Users will now have the probability that each player on every main slate for DraftKings and Fanduel ends up in the optimal lineup listed along with the industry-leading customizable rate tools.
We are also introducing our proprietary ownership algorithm, which projects the ownership of each player in large-field tournaments on both Fanduel and DraftKings. Both simulations and ownership models will be updated up until 30-minutes prior to lock.
For savvy tournament players like yourself, you can now compare a player’s actual likely ownership to each player’s odds of landing on the optimal lineup, allowing you to infer actionable information to gain leverage on the field in large field DFS contests.
These are actual simulations. We are not using spreadsheet formulas to extrapolate a probability with assumptions about the distribution of results that are not tested and may or may not be appropriate.
These are decision-making tools. You are the decision-maker. How you utilize these depends on your overall objectives, appetite for risk, and the contest you are playing in. In the largest field MME events, you very likely need something close to the optimal lineup to win the tournaments. In these contests trying to maximize leverage or the difference between optimal probability and ownership may be a profitable strategy. In a small field high-stakes contest you likely will not need the optimal lineup but still will benefit immensely from finding similar probability plays with wide gaps in consensus. In top-heavy qualifiers, you are rewarded more for taking on risk than extremely flat payout structures. All of these are important context for you to make decisions using our tools.
An in-depth article on the specific methodologies is planned for publishing in the new year, but for now, let’s give some examples of how to make informed decisions using the information right in front of you in the optimizer.
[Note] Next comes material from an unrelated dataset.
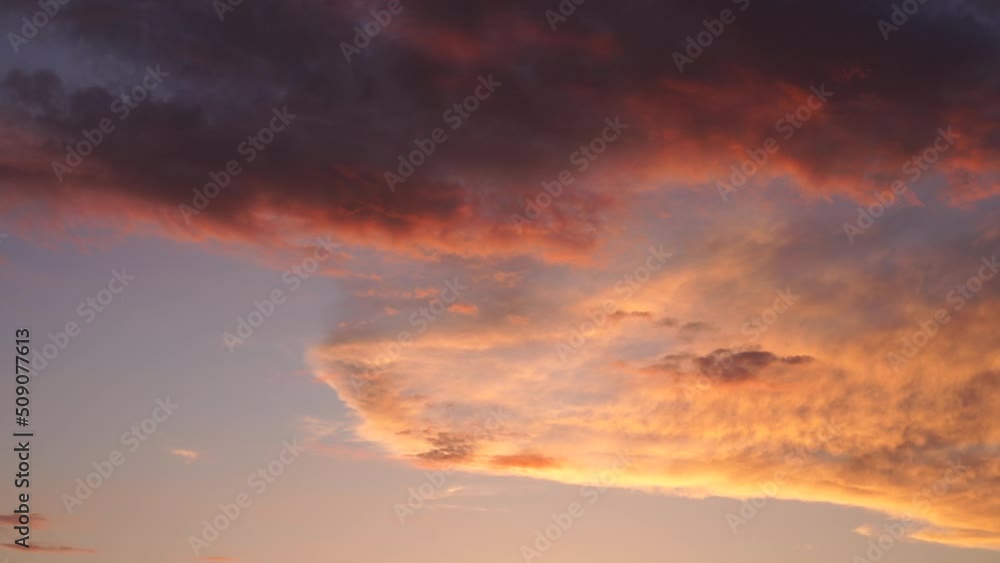 Beautiful evening blue sky at sunset with flaming bright light clouds. A warm summer evening at sunset. Bright sunset.
Beautiful evening blue sky at sunset with flaming bright light clouds. A warm summer evening at sunset. Bright sunset.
The above is sorted in terms of optimal probability, the players most likely to end up in the winning lineups on Draftkings at the end of the night. However, not all plays are equal here, as we have some good chalk – Kyrie Irving, Anthony Davis, and Paul George are projected to be owned at a rate +/- 2 percentage points of their optimal probability – and some bad chalk – Eric Paschall is such an obvious and useful value play on Draftkings that he is being owned 16 percentage points higher than his probability.
If we sort by leverage we can identify the most underutilized plays on the upcoming slate relative to their optimal probability. The following graphic shows Fanduel on the opening night two gamer.
Here we can see that because of the overwhelming popularity of three expensive players in the same game – Irving, Kevin Durant, and Stephen Curry – the expensive players in the Lakers/Clippers game are showing up as under-owned.
It is worth noting that especially on short slates that normally unplayable players may show up high on this list. With a normal slate, anyone projecting for single-digit points will have an optimal probability so low that being sub 1% owned doesn’t actually benefit you. But when there are only seven PG eligible players projected to play all of a sudden a free Alex Caruso or Jordan Poole can potentially help, especially if the two chalk expensive PGs are outscored by expensive players at other positions.
If you have a feeling that a player will be higher or lower rostered than we project, you can adjust that manually and see how the leverage score changes. In the coming weeks, we will roll out constraints to set a minimum sum of optimal probability or leverage score for each lineup, similar to how you can currently set maximum projected ownership or a minimum total salary.